Currently the owner waits until it is finished. This is only if there is another host helping
at the split. For the SMP search threads will ofcousre help out down the tree sometimes completely
yielding ownership of that node. But for the distributed search I don't know how to do it?  
I thought of some ways to solve the issue but I expect that the code can get really messy.
I believe these synchronization issues and communication costs are what are killing the performance.
Splitting at the root the "YBW way" may help some but I do not expect it to improve my situation much.
If the second or third move were the best, the speculative root splitting would result in more effort
being spent on the non-relevant part of the tree. I understand that the chances of that happening are 
slim most of the time. I would definately give it a try though.
Related to this is asynchronous iterative search on the root moves. What is your experience with this ?
I plan to do APHID or something similar for a server-client application to be used on a loosely connected
network like on a wifi network. Asynchronous search for distributed search really starts to make sense for
me. When you have a lot of processors at your disposal, it gets harder to keep them busy. With split depth
of 12, ussualy I don't see splits occuring before iteration 15.
Another idea is that as you split, keep up with where you send the work (you can use the hash signature for this) and always try to send the same position to the same node as you deepen the search or encounter transpositions, since this will be more efficient because of hash contents.
Currently each nodes sends a "HELP" message to a randomly selected node, and the node that recieved the help either cancels the request or accepts the node as a helper.
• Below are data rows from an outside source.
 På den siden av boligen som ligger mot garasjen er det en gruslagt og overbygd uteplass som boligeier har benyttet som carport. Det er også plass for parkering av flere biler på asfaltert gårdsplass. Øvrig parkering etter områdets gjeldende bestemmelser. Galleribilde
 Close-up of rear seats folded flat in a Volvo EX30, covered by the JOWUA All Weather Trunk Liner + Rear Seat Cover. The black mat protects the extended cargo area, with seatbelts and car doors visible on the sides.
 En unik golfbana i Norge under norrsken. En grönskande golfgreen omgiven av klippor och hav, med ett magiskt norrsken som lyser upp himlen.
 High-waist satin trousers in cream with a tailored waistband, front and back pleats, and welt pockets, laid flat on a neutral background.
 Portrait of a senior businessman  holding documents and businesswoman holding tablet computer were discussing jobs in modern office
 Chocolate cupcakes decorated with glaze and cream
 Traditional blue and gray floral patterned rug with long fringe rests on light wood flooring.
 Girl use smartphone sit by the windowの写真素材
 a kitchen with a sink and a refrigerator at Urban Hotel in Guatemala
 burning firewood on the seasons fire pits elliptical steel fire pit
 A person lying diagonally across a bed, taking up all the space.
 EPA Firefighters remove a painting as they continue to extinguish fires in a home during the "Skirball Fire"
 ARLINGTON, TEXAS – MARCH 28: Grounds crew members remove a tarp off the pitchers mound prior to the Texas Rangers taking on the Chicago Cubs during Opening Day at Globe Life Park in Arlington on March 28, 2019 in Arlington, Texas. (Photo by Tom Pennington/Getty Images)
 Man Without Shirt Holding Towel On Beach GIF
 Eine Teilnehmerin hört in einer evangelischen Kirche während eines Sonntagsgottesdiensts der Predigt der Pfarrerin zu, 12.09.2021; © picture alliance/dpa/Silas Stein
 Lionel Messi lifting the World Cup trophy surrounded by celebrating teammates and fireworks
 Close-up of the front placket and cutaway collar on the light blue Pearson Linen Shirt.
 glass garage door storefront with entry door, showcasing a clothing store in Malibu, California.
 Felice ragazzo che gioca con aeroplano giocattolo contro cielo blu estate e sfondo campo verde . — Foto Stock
That is what Fieldmann and co suggested but they use distributed transpostion tables and I don't, so trying to keep who searched what could be a good idea for me.
First thing to do is to get something working _realiably_. Efficiency comes later once the thing works reliably.
That is top priority now. MPI really helps there hiding the "gorry" details of process communication (sockets, managing system buffer etc..). I am just glad I don't have to do those from scratch.